Losing your home to a natural disaster or fire may not be something you think about often, but it happens to people every day. That's why it's important to protect your assets, the right way, before a potential catastrophe occurs.
While acts of nature like hurricanes, floods, or earthquakes make the news, it doesn't take a natural disaster to lose everything.
"I'm a fire restoration contractor and I go to on average 5 to 7 losses every day. And every single time I go to them, every single time, they say to me, man, I didn't ever think this could ever possibly happen to me. I just cannot believe this happened," said Rich Connette who is a property loss consultant.
Of course, that's why we have insurance.
But according to Connette, virtually zero homeowners are prepared to make their insurance company pay.
"I've yet to meet one in 17 years that knew exactly everything that they owned. The insurance company wants you to write down everything down to the sock. If you don't remember it, the insurance companies, they like that because that's just less money that they have to pay out," said Connette.
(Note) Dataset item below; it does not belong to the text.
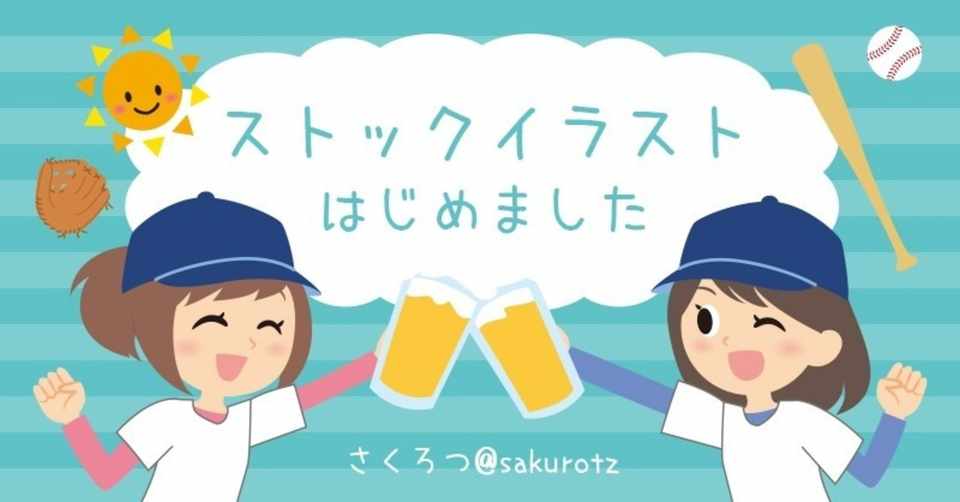 ストックイラスト最初の1ヶ月で600点登録してみた 白金サクロツ Note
If something happened tomorrow could you remember everything you had down to the last sock? Everything you forget is money you lose and your insurance company wins.
So here's the most important thing you can do today: create a home inventory. One way is to download free software specifically designed for the purpose. Another is to videotape your possessions while dictating the price you paid and date you bought them. If nothing else, at least take pictures of your stuff, all of it. Then store it on the web, in a safe deposit box or at a friend's house.
Bottom line? You can do something really simple today that could save you a ton of stress and maybe money someday.
One more tip, don't forget to safeguard important paperwork. Replacing records, financial, and legal documents or identification can be a major hassle so take steps to store those items, or copies of them, in a safe place, like a fireproof safe.